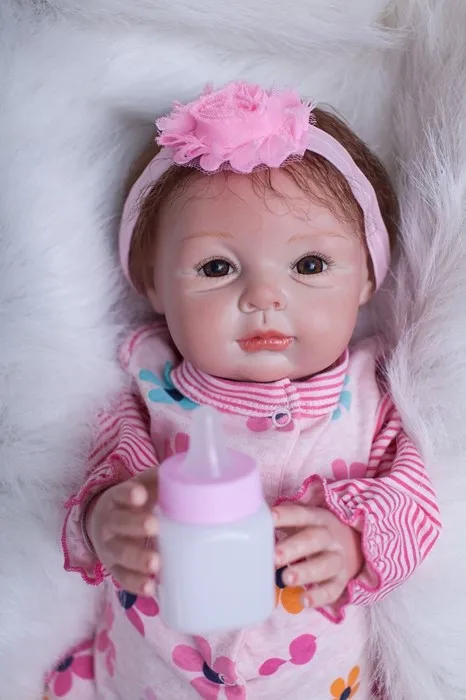 

Limited Collection 55cm Soft Silicone Reborn Baby Doll Toy Lifelike Kawaii Newborn Girl Baby-Reborn Play House Toy Birthday Gift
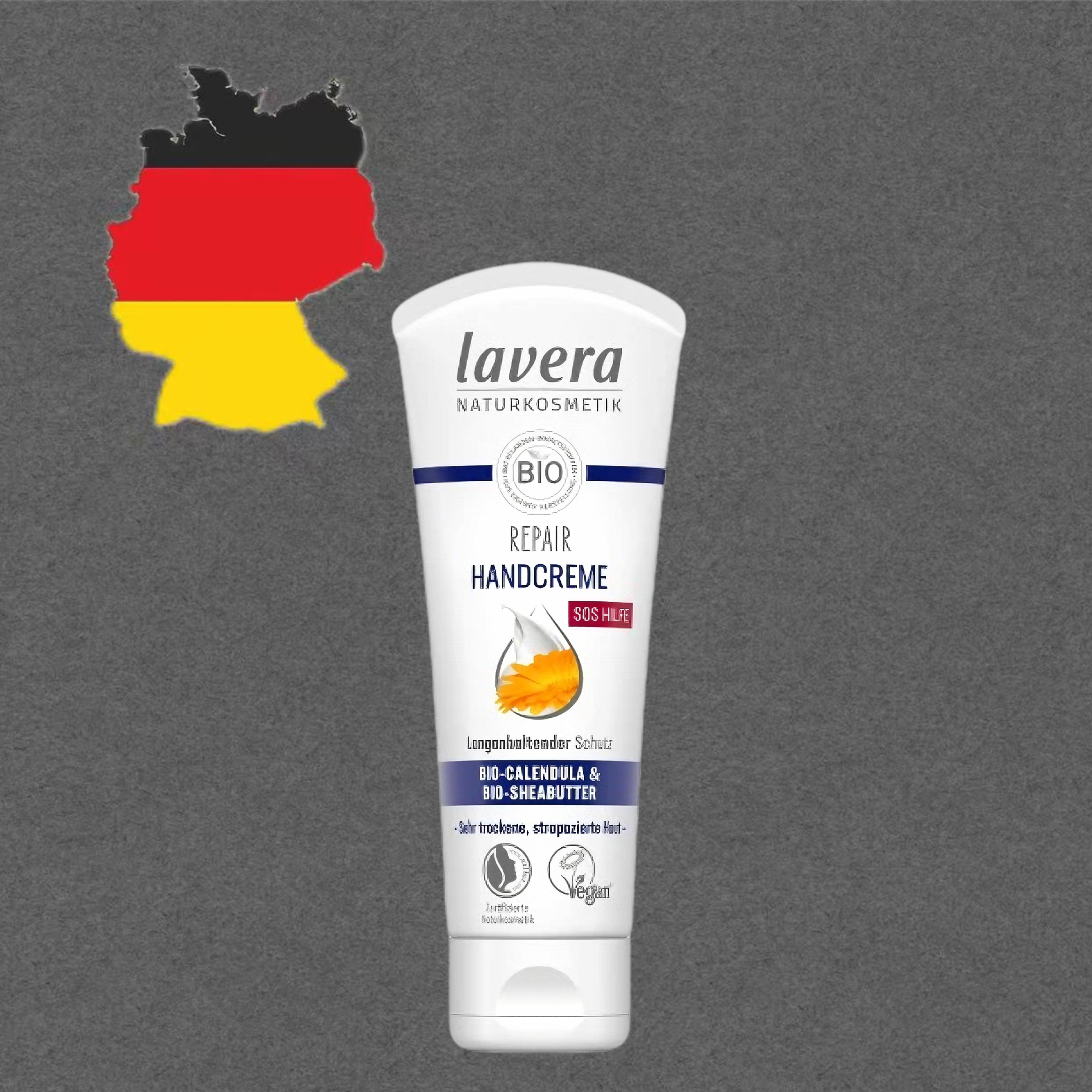 德国代购【满300包邮】lavera金盏花和乳木果油修复护手霜75ml
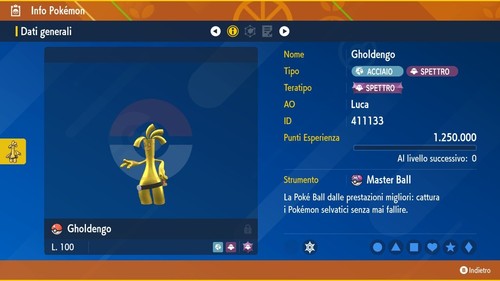 Gholdengo 6iv masterball - 6iv, +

[Action item]:
Starting with the line that contains "德国代购【满300包邮】lavera金盏花和乳木果油修复护手霜75ml" and ending with the last line of the data above, transcribe exactly those lines and no others, without pictures.

[Solution for this exercise]:
 德国代购【满300包邮】lavera金盏花和乳木果油修复护手霜75ml
 Gholdengo 6iv masterball - 6iv, +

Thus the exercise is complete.